Connecting the Past and Present: Golden Anniversary Reflections on the Assassination of Martin Luther King, Jr.

Connecting the Past and Present: Golden Anniversary Reflections on the Assassination of Martin Luther King, Jr.

Connecting the Past and Present: Golden Anniversary Reflections on the Assassination of Martin Luther King, Jr.

By Rev. Jonathan C. Augustine, JD, MDiv

Many will pause during 2018 for the 50th-anniversary observations of the April 4, 1968 assassination of the Rev. Dr. Martin Luther King, Jr. His untimely death occurred as he was in Memphis, Tennessee, giving support to local sanitation workers who sought equity in pay.

In identifying some of King’s greatest accomplishments, some will unquestionably speak to his influence in helping the Civil Rights Act of 1964 and Voting Rights Act of 1965 become laws that defined the Civil Rights Movement. Others might opine that because of the importance of leveling the playing field of educational access and opportunity, King’s most significant accomplishment was ensuring passage of the Elementary and Secondary Education Act of 1965. Most, however, will likely recall King’s popular oration, the “I Have a Dream” speech, delivered during the August 1963 March on Washington, as forecasting an egalitarian America that 45 years later would elect Barack Obama as the country’s first Black president. Indeed, denoting the speech’s influence, after Obama’s election, several conservative political commentators argued King’s dream became a reality as America entered a post-racial state, obviating the need for remedial social measures like Affirmative Action and the very Voting Rights Act for which King so diligently fought.

While some might identify those acts as King’s greatest accomplishments, I respectfully differ in opinion. Instead, I gauge King’s greatest act, measured by its ongoing influence on contemporary society—especially considering the still-polarized racial tensions that birthed the Black Lives Matter Movement and the uncompromising unwillingness to silence the gender-based inequities and harassment that unearthed the Me Too Movement—as his April 1963 peaceful protest held over the Good Friday and Resurrection Sunday weekend, when he demonstrated civil disobedience by going to jail. As a predecessor to #BlackLivesMatter and #MeeToo, King stood up against the discriminatory policies of Eugene “Bull” Connor, Birmingham’s police commissioner, citing the theology of St. Augustine, the non-violent leadership of Jesus the Christ, and the biblically-based moral convictions of Shadrach, Meshach, and Abednego, in rejecting policies he deemed morally unjust. Consequently, the rationale for King’s dissonant actions, detailed in his famous Letter from Birmingham Jail, sets a foundation for contemporary social activism. Moreover, during this 50th anniversary observation of King’s assassination, the influence of Letter from Birmingham Jail should cause us all to rethink the relatively passive posture the church has taken in the midst of proverbial “ruins.”
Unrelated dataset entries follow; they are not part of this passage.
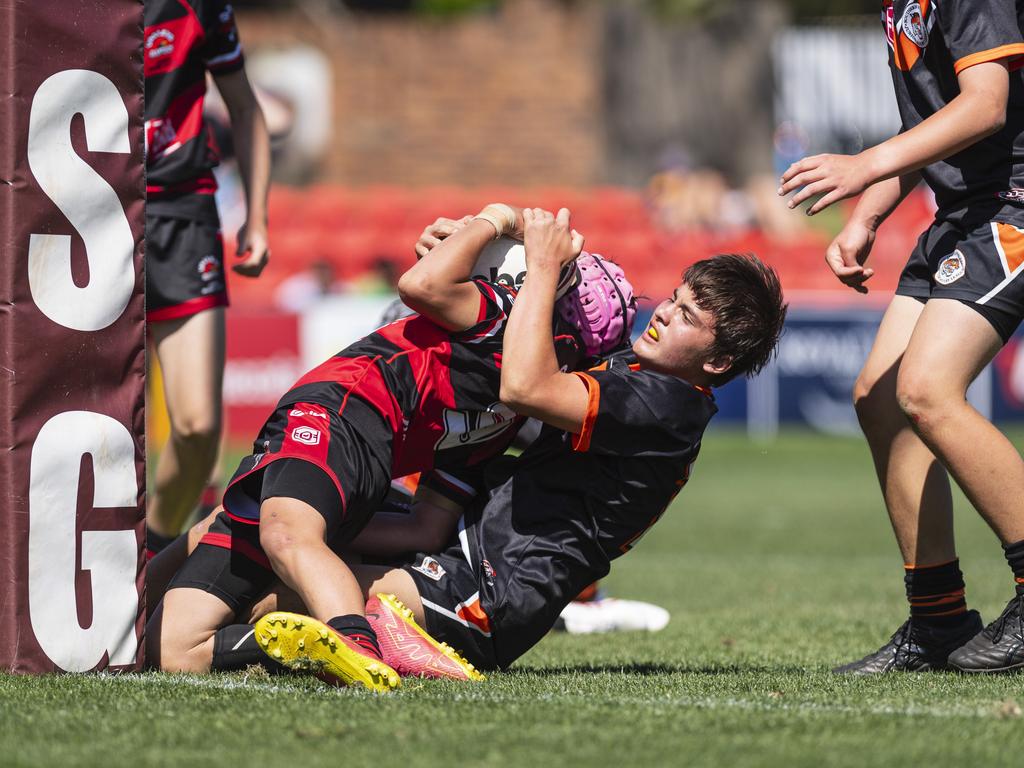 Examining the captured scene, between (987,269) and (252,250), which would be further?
(252,250)

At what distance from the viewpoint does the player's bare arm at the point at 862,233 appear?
4.18 metres

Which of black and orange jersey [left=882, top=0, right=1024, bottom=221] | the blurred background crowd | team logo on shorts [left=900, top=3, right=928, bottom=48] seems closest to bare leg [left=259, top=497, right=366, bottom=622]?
black and orange jersey [left=882, top=0, right=1024, bottom=221]

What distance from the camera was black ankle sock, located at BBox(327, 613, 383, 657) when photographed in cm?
335

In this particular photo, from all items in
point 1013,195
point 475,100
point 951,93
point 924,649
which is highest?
point 475,100

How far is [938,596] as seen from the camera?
4129 mm

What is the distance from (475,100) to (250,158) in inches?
737

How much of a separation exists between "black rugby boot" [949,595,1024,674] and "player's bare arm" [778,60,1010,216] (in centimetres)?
119

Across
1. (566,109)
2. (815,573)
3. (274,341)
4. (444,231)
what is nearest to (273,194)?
(566,109)

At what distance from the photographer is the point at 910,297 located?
13.7 ft

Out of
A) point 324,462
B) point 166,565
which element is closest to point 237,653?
point 166,565

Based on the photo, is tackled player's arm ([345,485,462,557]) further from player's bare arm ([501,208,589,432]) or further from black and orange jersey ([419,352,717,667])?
player's bare arm ([501,208,589,432])

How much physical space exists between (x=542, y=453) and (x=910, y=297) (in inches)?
44.9

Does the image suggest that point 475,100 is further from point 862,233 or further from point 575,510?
point 575,510

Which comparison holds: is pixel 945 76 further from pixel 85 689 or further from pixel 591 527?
pixel 85 689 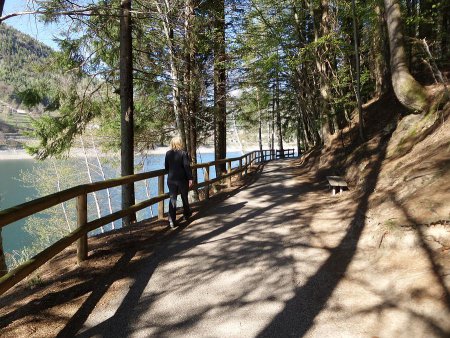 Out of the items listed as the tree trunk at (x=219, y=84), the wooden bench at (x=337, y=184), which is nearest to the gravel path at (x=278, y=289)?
the wooden bench at (x=337, y=184)

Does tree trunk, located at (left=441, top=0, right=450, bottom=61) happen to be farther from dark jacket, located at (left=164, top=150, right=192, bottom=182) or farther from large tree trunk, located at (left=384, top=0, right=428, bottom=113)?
dark jacket, located at (left=164, top=150, right=192, bottom=182)

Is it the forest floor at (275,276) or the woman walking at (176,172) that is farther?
the woman walking at (176,172)

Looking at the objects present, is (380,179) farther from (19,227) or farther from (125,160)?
(19,227)

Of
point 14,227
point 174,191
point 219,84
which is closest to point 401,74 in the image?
point 174,191

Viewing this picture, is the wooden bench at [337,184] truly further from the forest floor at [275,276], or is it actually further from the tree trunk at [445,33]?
the tree trunk at [445,33]

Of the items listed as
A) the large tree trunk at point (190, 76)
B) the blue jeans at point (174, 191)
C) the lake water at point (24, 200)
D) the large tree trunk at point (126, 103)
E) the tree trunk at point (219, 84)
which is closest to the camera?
the blue jeans at point (174, 191)

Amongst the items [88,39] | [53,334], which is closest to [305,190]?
[88,39]

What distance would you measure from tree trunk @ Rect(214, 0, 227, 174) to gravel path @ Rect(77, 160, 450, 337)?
33.9ft

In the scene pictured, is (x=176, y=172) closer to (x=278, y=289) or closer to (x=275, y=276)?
(x=275, y=276)

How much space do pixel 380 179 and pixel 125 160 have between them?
6.02 meters

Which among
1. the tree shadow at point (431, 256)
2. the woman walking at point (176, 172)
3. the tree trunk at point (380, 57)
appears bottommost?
the tree shadow at point (431, 256)

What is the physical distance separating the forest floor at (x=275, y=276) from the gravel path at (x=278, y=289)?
0.01m

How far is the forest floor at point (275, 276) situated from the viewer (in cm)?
315

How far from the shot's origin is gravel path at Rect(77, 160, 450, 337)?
3.08 m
In The End of Words: The Language of Reconciliation in a Culture of Violence, Dr. Richard Lischer, a homiletics professor at Duke Divinity School, describes King’s effectiveness as a communicator, writing that King employed Aristotle’s modes of effective communication, the logos, ethos, and pathos. King used the logos—he appealed to logic; the ethos—he demonstrated credibility; and the pathos—effectively appealed to emotion, touching the hearts of America. Lischer opines that King effectively used all three but emphasized pathos by literally going to the “ruins,” to publicly address the need for communal reform. After a church bombing, for example, King would go to the church’s literal ruins to lead a prayer vigil in the midst of smoldering rubble, taking a non-violent position of resistance and speaking to the church’s moral leadership in addressing social problems. As we reflect on King’s greatest and most influential works—especially during the 50th-anniversary of his assassination—we too are called on to visit “the ruins,” by speaking truth to power during a time when ruins are commonplace and Black America has entered its own version of the Babylonian Exile.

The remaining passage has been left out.